Created 09-06-2016 11:49 PM
@Liam Murphy: Please find the details below
1> Ensure that you have an Account with Amazon S3 and a designated bucket for your data
2> You must have an Access Key ID and a Secret Key
3> Configure HDFS for S3 storage by making the following changes to core-site.xml
<property> <name>fs.default.name</name> <value>s3n://your-bucket-name</value> </property> <property> <name>fs.s3n.awsAccessKeyId</name> <value>YOUR_S3_ACCESS_KEY</value></property> <property> <name>fs.s3n.awsSecretAccessKey</name> <value> YOUR_S3_SECRET_KEY </value> </property>
4>In the falcon feed.xml, specify the Amazon S3 location and schedule the feed
<?xml version="1.0" encoding="UTF-8" standalone="yes"?> <feed name="S3Replication" description="S3-Replication" xmlns="uri:falcon:feed:0.1"> <frequency> hours(1) </frequency> <clusters> <cluster name="cluster1" type="source"> <validity start="2016-09-01T00:00Z" end="2034-12-20T08:00Z"/> <retention limit="days(24)" action="delete"/> </cluster> <cluster name="cluster2" type="target"> <validity start="2016-09-01T00:00Z" end="2034-12-20T08:00Z"/> <retention limit="days(90)" action="delete"/> <locations> <location type="data" path="s3://<bucket-name>/<path-folder>/${YEAR}-${MONTH}-${DAY}-${HOUR}/"/> </locations> </cluster> </clusters>
Created 09-06-2016 11:11 PM
Document exists for wasb http://falcon.apache.org/DataReplicationAzure.html, may be just use s3a instead.

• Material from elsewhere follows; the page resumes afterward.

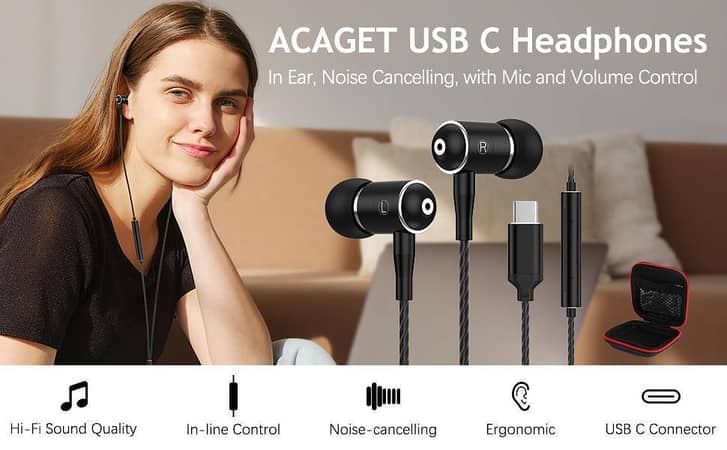 IPHONE ORIGINAL TYPE C HANDFREE EARPHONE USA Original HiFi Stereo Type C Handsfree Earphones – Premium In-Ear Earbuds with Mic & Full Media Control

Created 09-06-2016 11:49 PM
@Liam Murphy: Please find the details below
1> Ensure that you have an Account with Amazon S3 and a designated bucket for your data
2> You must have an Access Key ID and a Secret Key
3> Configure HDFS for S3 storage by making the following changes to core-site.xml
<property> <name>fs.default.name</name> <value>s3n://your-bucket-name</value> </property> <property> <name>fs.s3n.awsAccessKeyId</name> <value>YOUR_S3_ACCESS_KEY</value></property> <property> <name>fs.s3n.awsSecretAccessKey</name> <value> YOUR_S3_SECRET_KEY </value> </property>
4>In the falcon feed.xml, specify the Amazon S3 location and schedule the feed
<?xml version="1.0" encoding="UTF-8" standalone="yes"?> <feed name="S3Replication" description="S3-Replication" xmlns="uri:falcon:feed:0.1"> <frequency> hours(1) </frequency> <clusters> <cluster name="cluster1" type="source"> <validity start="2016-09-01T00:00Z" end="2034-12-20T08:00Z"/> <retention limit="days(24)" action="delete"/> </cluster> <cluster name="cluster2" type="target"> <validity start="2016-09-01T00:00Z" end="2034-12-20T08:00Z"/> <retention limit="days(90)" action="delete"/> <locations> <location type="data" path="s3://<bucket-name>/<path-folder>/${YEAR}-${MONTH}-${DAY}-${HOUR}/"/> </locations> </cluster> </clusters>
Created 09-08-2016 11:35 AM
Thanks for that Sowyma,
This is definitely trying to do something! But I now see an exception in oozie logs which says
160908110420441-oozie-oozi-W] ACTION[0000034-160908110420441-oozie-oozi-W@eviction] Launcher exception: com.amazonaws.AmazonClientException: Unable to load AWS credentials from any provider in the chain
org.apache.oozie.action.hadoop.JavaMainException: com.amazonaws.AmazonClientException: Unable to load AWS credentials from any provider in the chain
at org.apache.oozie.action.hadoop.JavaMain.run(JavaMain.java:59)
at org.apache.oozie.action.hadoop.LauncherMain.run(LauncherMain.java:47)
..
Created 09-07-2016 12:00 AM
I see that Sowmya already answered. Yes, we can specify S3 as the source/destination cluster(s) with paths (we support Azure as well). Here is a Falcon screenshot.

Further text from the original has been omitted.